(Data supplied begins)

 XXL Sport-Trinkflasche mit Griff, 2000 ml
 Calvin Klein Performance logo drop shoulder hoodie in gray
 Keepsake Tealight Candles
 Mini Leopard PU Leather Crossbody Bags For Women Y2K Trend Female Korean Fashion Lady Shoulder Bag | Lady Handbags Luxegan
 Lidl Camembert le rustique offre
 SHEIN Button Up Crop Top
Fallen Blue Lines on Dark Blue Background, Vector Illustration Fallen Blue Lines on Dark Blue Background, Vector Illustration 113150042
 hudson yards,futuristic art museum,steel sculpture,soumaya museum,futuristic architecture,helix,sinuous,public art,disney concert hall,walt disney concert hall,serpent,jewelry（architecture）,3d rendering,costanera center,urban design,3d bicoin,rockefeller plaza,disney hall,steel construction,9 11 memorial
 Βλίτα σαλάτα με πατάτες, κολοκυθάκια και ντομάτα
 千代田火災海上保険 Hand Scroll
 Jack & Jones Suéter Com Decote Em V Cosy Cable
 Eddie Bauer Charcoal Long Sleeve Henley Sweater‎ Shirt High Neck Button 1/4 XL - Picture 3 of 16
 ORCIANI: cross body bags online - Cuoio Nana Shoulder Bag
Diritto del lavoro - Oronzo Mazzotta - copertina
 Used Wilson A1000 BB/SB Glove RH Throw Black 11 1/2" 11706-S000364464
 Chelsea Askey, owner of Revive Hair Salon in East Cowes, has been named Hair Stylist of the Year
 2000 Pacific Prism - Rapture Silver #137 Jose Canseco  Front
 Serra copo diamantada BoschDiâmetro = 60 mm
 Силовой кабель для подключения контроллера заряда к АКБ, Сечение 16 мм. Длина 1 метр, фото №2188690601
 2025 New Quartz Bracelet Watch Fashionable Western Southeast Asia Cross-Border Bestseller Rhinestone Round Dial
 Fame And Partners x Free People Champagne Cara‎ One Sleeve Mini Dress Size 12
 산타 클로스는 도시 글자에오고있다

(Data supplied ends)

Exercise instructions:
Copy out exactly the lines from the one containing "Diritto del lavoro" through the last line above, keeping both end lines.

Answer box:
Diritto del lavoro - Oronzo Mazzotta - copertina
 Used Wilson A1000 BB/SB Glove RH Throw Black 11 1/2" 11706-S000364464
 Chelsea Askey, owner of Revive Hair Salon in East Cowes, has been named Hair Stylist of the Year
 2000 Pacific Prism - Rapture Silver #137 Jose Canseco  Front
 Serra copo diamantada BoschDiâmetro = 60 mm
 Силовой кабель для подключения контроллера заряда к АКБ, Сечение 16 мм. Длина 1 метр, фото №2188690601
 2025 New Quartz Bracelet Watch Fashionable Western Southeast Asia Cross-Border Bestseller Rhinestone Round Dial
 Fame And Partners x Free People Champagne Cara‎ One Sleeve Mini Dress Size 12
 산타 클로스는 도시 글자에오고있다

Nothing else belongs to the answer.